Constructed in 1824 as an earth dam by the Warrington and Stockport Turnpike Trust (and now carrying the A56) over a pool and stream in the valley below St. Mary's church, Lymm dam was built to help avoid congestion in the village. A lake now known as Lymm dam soon grew behind it. More information on the history of the dam can be found here or here (with map).
The wooded area surrounding the dam is now popular with walkers, responsible dog owners, anglers, bird watchers, cyclists and horse riders, enjoying the Oak and Beech woodland, and variety of wildflowers and wildlife.
Surrounding the dam are many areas of exposed rock, which have been identified as sandstone, a sedimentary rock formed over a period of millions of years by the compression of many layers of tiny grains of sand, which settle over time either from water (bottom of a river / lake / sea) or on land (i.e. a desert), and are then compressed by the weight of overlying layers. The sandstone surrounding the dam was created during the permo-triassic period (i.e. towards the end of the Permian geological period, and the start of the Triassic geological period), and is around 250 million years old.
The sandstone at the northern end of the lake is known as Helsby sandstone, which is known for its red-brown colour (certainly more red than that of the layer of Wilmslow sandstone which lies underneath, and is visible if you move further north, through the village of Lymm and into Slitten gorge beyond), which was primarily formed by sedimentation from streams and rivers.
This particular earthcache is located on a rocky bluff below St.
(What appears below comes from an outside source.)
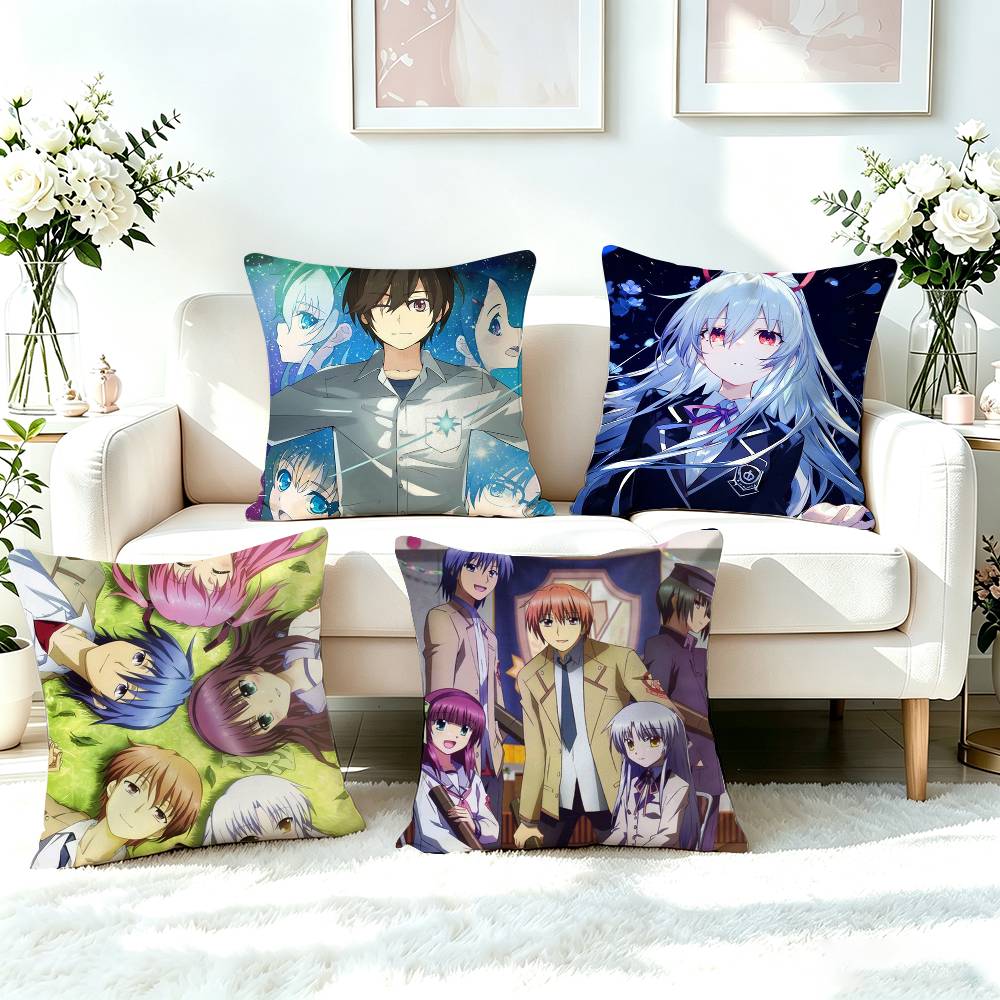 Anime a-Angel-Beats Square Double-Sided printed Pillow Case Bedroom Bedside Pillow Sofa Cushion Cover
Mary's church and is of special interest as one of only two examples discovered in the UK of formations known as "Nye Channels" and "Scallops" (The other location is at Thurstaston Hill on the Wirral).
Nye Channels are the deep cuts found in the rocks, and Scallops are the rounded steps found in the vertical sections. These were formed around 10-13,000 years ago at the end of the last glacial period (known as the Devensian glaciation), when Cheshire was covered with ice - under which flowed meltwater containing rock and soil deposits, eroding the sandstone in this unique way. The Nye Channels and Scallops were formed where the water flow was the greatest.
To claim this earthcache you must send me an e-mail with the answers to the following questions;
1) What direction do the majority of the Nye Channels run (e.g. North-South).
2) What is the approximate depth of the deepest channel.
3) OPTIONAL - Upload a photo of yourself with your GPS by the lake in front of bluff.
Please note, you do not need to send the e-mail before logging a find, however logs without a corresponding e-mail, or logs containing the answers may be deleted.
Please do not damage the formation, leave it as found for others to enjoy.
Thanks to Tim Baker (Area Ranger, Lymm & Thelwall) for kind permission to list this earth cache.
Car parking can be found at N53 22.588 W002 28.632.
This earthcache can be accessed via bus (No's 5, 6, 37, 37a, 38 & 47).
This earthcache is pushchair & wheelchair accesible, via a path from N53 22.686 W002 28.753.